Yesterday, I had the pleasure of addressing the extraordinary group of young people gathered at the AEM Construction Challenge Championship in Las Vegas. The Construction Challenge is a hands-on competition where teams of high school students work together to solve infrastructure problems with construction solutions.
This year’s championship consisted of two challenges. The first, Road Rumble, required each team to build a headquarters using construction materials obtained by a radio-controlled piece of transportation equipment they designed. The second, H2 Oh Yeah!, challenged the teams to research water policy and infrastructure issues and compete against each other in a quiz show.
Teams compete in the Road Rumble challenge.
The contests required each student to use their logical and technical skills to advance. And while it was a closely fought battle the entire day, team OH13OH from the Miami Valley Career Technology Center in Cincinnati, Ohio, ultimately took home the overall 2011 Construction Challenge prize.
But win or lose, each student who made it to Las Vegas already accomplished a great deal in my book. Over 1,000 teens competed in regional qualifying rounds in January for a chance to advance to the national championship. The 144 students from 24 high schools who competed this week represented the very best and brightest.
Students get hands-on at the H2 Oh Yeah! challenge.
And I delivered a message to them straight from President Obama: Even though the competition may be over, we’re counting on you to keep up your studies in science, technology, engineering, and math.
These teens, and so many like them across the country, are the next generation of leaders we’re going to be looking toward as we build the 21st century transportation systems we all need and deserve.
And that's why President Obama is committed to strengthening our education system--so that every child in America has the tools they need to not just shape their own future, but to shape America’s future as well.
The fact is, there’s no greater economic policy than one that invests in our children's future and helps America out-educate the world. And there's never been a better time to be in transportation.
The winning team from Miami Valley Career Technology Center in Clayton, Ohio.

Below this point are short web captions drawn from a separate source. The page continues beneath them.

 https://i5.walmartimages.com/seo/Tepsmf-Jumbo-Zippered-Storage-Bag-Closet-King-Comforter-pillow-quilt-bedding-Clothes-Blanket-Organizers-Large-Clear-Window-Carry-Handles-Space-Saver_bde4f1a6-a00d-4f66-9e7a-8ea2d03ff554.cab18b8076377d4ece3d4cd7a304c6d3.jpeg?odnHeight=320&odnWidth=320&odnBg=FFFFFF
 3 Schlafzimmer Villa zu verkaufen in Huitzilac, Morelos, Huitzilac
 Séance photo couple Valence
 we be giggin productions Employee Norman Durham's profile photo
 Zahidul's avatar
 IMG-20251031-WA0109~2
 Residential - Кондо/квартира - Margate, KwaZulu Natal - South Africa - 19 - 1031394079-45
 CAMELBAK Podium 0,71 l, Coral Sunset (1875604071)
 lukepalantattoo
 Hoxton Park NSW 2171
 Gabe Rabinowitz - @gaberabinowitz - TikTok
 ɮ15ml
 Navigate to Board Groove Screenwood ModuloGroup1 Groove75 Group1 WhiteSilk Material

I'm happy that the Secretary of Education had such a favorable opinion of the work of our teams on the Construction Challenge. However, the current education policy is wrong-headed to believe that the current trend towards standardization will produce the types of students that were represent in the audience last night. My daughter, a member of the 3rd place overall team from Carrollton, Texas, has participated in the Destination Imagination program to improve her critical thinking and problem solving skills since 3rd grade BECAUSE I was so concerned that the test-driven atmosphere in her school would not provide her a well-rounded education.
Yes, all of these students are strong math and science students, but they are far better students because of the project-based approach they have experienced through these types of programs, NOT because they have been tested their entire school careers under NCLB.
The current education policies that are requesting more testing will not create the type of workforce that can imagine and create a new American infrastructure. Nor will this happen in a system that favors math and science courses over history and the arts. This will only happen when we support all of our schools and teachers both financially and in our rhetoric. As our politicians pick apart the American education system, they are also reducing the opportunity for our students to thrive and grow into the adults we will need to build the future.
Posted by: Dr. Carol L. Revelle | March 25, 2011 at 02:50 PM
I totally agree to your post. It is a good practice to give students challenge specially problems that are encountered on our daily lives and are realistic. They are our future leaders and the successor of our current jobs. They should learn early and perhaps good ideas will emerge from fresh minds.